■ **DESCRIPTION OF THE TASK**:
An exact copy of the entries is needed, with every line included.

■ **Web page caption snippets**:
━━━━━━━━━━━━━━━━━━━━

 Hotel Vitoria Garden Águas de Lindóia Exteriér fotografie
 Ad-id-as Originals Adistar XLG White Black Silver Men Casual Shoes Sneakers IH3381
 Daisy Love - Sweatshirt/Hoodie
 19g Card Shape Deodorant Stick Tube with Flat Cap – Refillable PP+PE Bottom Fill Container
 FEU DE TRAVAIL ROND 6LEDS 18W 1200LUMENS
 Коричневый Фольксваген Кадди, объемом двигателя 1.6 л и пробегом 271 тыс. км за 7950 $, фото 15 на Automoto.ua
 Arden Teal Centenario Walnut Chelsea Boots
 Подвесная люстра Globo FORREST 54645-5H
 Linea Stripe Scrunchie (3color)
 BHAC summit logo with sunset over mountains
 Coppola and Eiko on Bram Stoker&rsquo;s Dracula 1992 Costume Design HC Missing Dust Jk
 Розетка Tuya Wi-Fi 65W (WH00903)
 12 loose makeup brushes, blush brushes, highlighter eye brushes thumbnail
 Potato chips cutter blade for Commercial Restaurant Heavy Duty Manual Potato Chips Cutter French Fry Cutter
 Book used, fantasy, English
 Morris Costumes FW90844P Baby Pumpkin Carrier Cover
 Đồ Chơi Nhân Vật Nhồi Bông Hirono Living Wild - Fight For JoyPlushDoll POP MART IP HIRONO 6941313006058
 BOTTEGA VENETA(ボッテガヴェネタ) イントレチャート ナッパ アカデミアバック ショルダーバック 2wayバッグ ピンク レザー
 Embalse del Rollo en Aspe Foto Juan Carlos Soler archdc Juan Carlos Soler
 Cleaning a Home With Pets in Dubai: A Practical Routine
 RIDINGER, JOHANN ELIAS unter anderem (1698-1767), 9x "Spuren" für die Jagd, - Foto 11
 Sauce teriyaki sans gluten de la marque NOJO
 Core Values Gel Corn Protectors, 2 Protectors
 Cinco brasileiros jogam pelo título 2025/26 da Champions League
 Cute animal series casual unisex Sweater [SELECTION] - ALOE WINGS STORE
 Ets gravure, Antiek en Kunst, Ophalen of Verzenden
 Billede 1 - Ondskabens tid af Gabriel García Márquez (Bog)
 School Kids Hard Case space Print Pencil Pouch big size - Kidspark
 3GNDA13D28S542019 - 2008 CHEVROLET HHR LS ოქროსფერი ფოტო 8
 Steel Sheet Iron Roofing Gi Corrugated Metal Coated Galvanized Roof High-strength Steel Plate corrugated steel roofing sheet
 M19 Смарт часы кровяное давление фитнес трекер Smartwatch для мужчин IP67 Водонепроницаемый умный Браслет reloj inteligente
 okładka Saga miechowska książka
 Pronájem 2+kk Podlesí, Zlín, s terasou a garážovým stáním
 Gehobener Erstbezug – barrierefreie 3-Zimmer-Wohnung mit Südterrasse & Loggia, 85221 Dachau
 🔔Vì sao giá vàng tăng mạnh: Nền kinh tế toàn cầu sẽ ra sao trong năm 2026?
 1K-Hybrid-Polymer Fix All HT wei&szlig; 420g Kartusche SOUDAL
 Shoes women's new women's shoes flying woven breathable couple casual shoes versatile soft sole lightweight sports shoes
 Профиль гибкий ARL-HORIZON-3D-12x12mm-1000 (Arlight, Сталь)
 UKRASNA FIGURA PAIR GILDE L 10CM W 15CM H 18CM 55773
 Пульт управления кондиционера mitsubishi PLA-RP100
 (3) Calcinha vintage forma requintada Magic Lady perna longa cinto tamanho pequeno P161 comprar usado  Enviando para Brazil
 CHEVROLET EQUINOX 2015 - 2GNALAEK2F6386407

━━━━━━━━━━━━━━━━━━━━

■ **RESULT OF THIS TASK**:
 Hotel Vitoria Garden Águas de Lindóia Exteriér fotografie
 Ad-id-as Originals Adistar XLG White Black Silver Men Casual Shoes Sneakers IH3381
 Daisy Love - Sweatshirt/Hoodie
 19g Card Shape Deodorant Stick Tube with Flat Cap – Refillable PP+PE Bottom Fill Container
 FEU DE TRAVAIL ROND 6LEDS 18W 1200LUMENS
 Коричневый Фольксваген Кадди, объемом двигателя 1.6 л и пробегом 271 тыс. км за 7950 $, фото 15 на Automoto.ua
 Arden Teal Centenario Walnut Chelsea Boots
 Подвесная люстра Globo FORREST 54645-5H
 Linea Stripe Scrunchie (3color)
 BHAC summit logo with sunset over mountains
 Coppola and Eiko on Bram Stoker&rsquo;s Dracula 1992 Costume Design HC Missing Dust Jk
 Розетка Tuya Wi-Fi 65W (WH00903)
 12 loose makeup brushes, blush brushes, highlighter eye brushes thumbnail
 Potato chips cutter blade for Commercial Restaurant Heavy Duty Manual Potato Chips Cutter French Fry Cutter
 Book used, fantasy, English
 Morris Costumes FW90844P Baby Pumpkin Carrier Cover
 Đồ Chơi Nhân Vật Nhồi Bông Hirono Living Wild - Fight For JoyPlushDoll POP MART IP HIRONO 6941313006058
 BOTTEGA VENETA(ボッテガヴェネタ) イントレチャート ナッパ アカデミアバック ショルダーバック 2wayバッグ ピンク レザー
 Embalse del Rollo en Aspe Foto Juan Carlos Soler archdc Juan Carlos Soler
 Cleaning a Home With Pets in Dubai: A Practical Routine
 RIDINGER, JOHANN ELIAS unter anderem (1698-1767), 9x "Spuren" für die Jagd, - Foto 11
 Sauce teriyaki sans gluten de la marque NOJO
 Core Values Gel Corn Protectors, 2 Protectors
 Cinco brasileiros jogam pelo título 2025/26 da Champions League
 Cute animal series casual unisex Sweater [SELECTION] - ALOE WINGS STORE
 Ets gravure, Antiek en Kunst, Ophalen of Verzenden
 Billede 1 - Ondskabens tid af Gabriel García Márquez (Bog)
 School Kids Hard Case space Print Pencil Pouch big size - Kidspark
 3GNDA13D28S542019 - 2008 CHEVROLET HHR LS ოქროსფერი ფოტო 8
 Steel Sheet Iron Roofing Gi Corrugated Metal Coated Galvanized Roof High-strength Steel Plate corrugated steel roofing sheet
 M19 Смарт часы кровяное давление фитнес трекер Smartwatch для мужчин IP67 Водонепроницаемый умный Браслет reloj inteligente
 okładka Saga miechowska książka
 Pronájem 2+kk Podlesí, Zlín, s terasou a garážovým stáním
 Gehobener Erstbezug – barrierefreie 3-Zimmer-Wohnung mit Südterrasse & Loggia, 85221 Dachau
 🔔Vì sao giá vàng tăng mạnh: Nền kinh tế toàn cầu sẽ ra sao trong năm 2026?
 1K-Hybrid-Polymer Fix All HT wei&szlig; 420g Kartusche SOUDAL
 Shoes women's new women's shoes flying woven breathable couple casual shoes versatile soft sole lightweight sports shoes
 Профиль гибкий ARL-HORIZON-3D-12x12mm-1000 (Arlight, Сталь)
 UKRASNA FIGURA PAIR GILDE L 10CM W 15CM H 18CM 55773
 Пульт управления кондиционера mitsubishi PLA-RP100
 (3) Calcinha vintage forma requintada Magic Lady perna longa cinto tamanho pequeno P161 comprar usado  Enviando para Brazil
 CHEVROLET EQUINOX 2015 - 2GNALAEK2F6386407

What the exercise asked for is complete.